Primeiro, os trabalhadores recusaram-se a acreditar. Apelaram à autarquia, ao Governo Civil de Coimbra e à própria Secretaria de Estado da Indústria, em defesa dos postos de trabalho. Mas todos os esforços esbarraram na irredutível administração da Triunfo. Passaram então para a negociação das indemnizações, numa batalha que durou até às últimas horas. Anteontem, Armindo Carvalho viu-se obrigado a anunciar a última derrota: não conseguira que os valores fossem rectificados em função dos aumentos a que teriam direito em 2001 e dos salários que as mulheres recebem na fábrica de Lisboa, superiores aos pagos em Coimbra.
"O máximo que lhes posso prometer é que serão tratados com dignidade: criámos uma escala, de modo a que sejam bem atendidos quando forem tratar do subsídio de desemprego. E isso é muito pouco para quem dedicou a vida toda a esta casa", lamentava Armindo Carvalho, enquanto os trabalhadores abandonavam o plenário.
Mais do que de tristeza, as palavras eram de revolta. "Dentro de mim só há ódio, ódio...", afirmava Cidália Carvalho. Diz que entrou ali "uma jovem para sair uma velha, desempregada e com uma indemnização de miséria". Mas o ódio maior é não saber em quem o descarregar: "Quando para aqui entrei, éramos uma família.

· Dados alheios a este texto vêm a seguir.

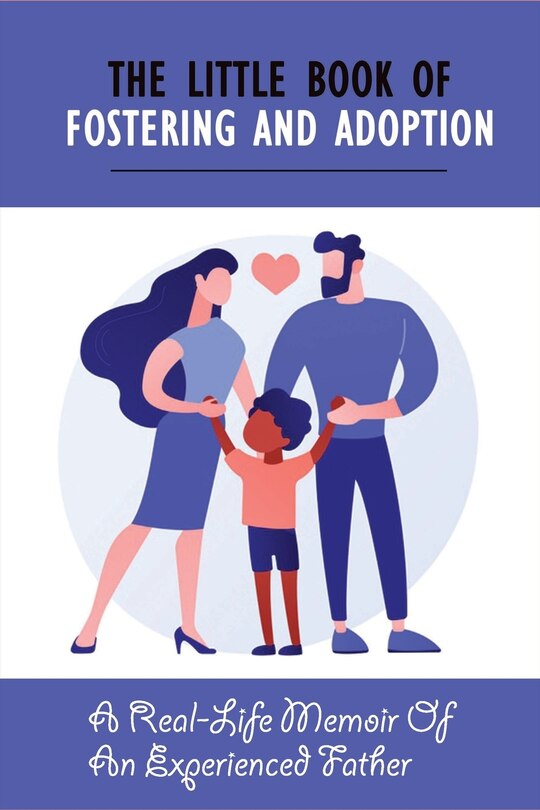 Couverture_The Little Book Of Fostering and Adoption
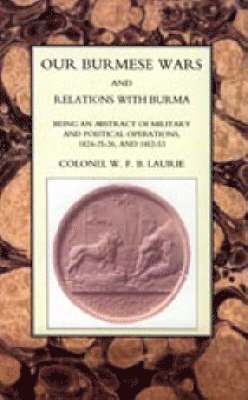 Our Burmese Wars and Relations with Burma 1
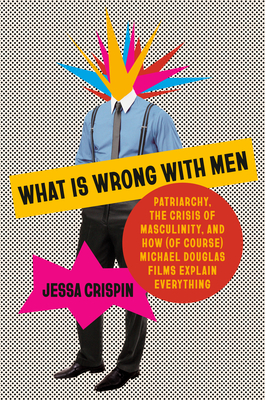 What Is Wrong with Men: Patriarchy, the Crisis of Masculinity, and How (of Course) Michael Douglas Films Explain Everything - Jessa Crispin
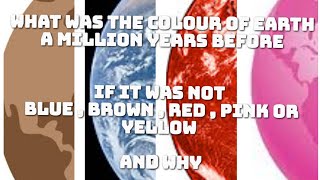 What was the colour of earth before , what is purple earth hypothesis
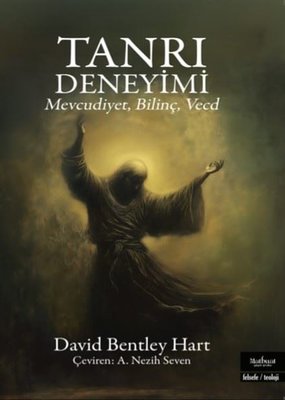 Tanrı Deneyimi - Mevcudiyet Bilinç Vecd | Matbuat Yayın Grubu (İnce Kapak)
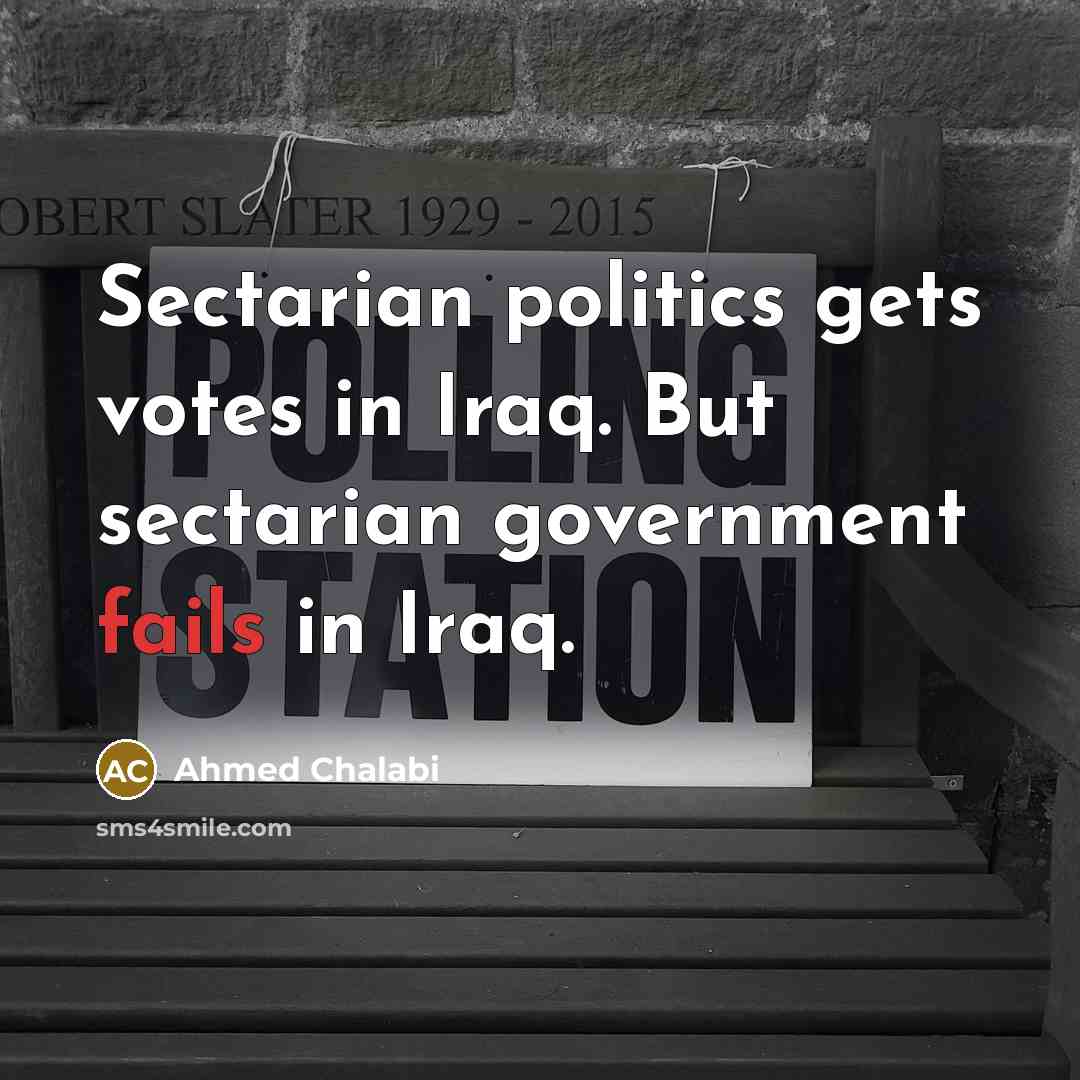 “Sectarian politics gets votes in Iraq. But sectarian government fails…” quote by Ahmed Chalabi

Agora não conheço, sequer, a cara do meu patrão".
Mesmo na década de 70, quando na empresa trabalhavam cerca de 1200 trabalhadores, o ambiente era familiar: "Os patrões estavam connosco, na fábrica, e tanto nos consolavam quando tínhamos um problema como nos davam ralhetes quando era preciso", recorda Cidália.
A maior parte entrou ali adolescente e guarda na memória o dia em que o fez: "Era uma data importante: o emprego era para toda a vida e a empresa segura", explica Armindo Carvalho. Como todos os outros, não sabe o que irá fazer quando deixar de ter direito ao subsídio de desemprego.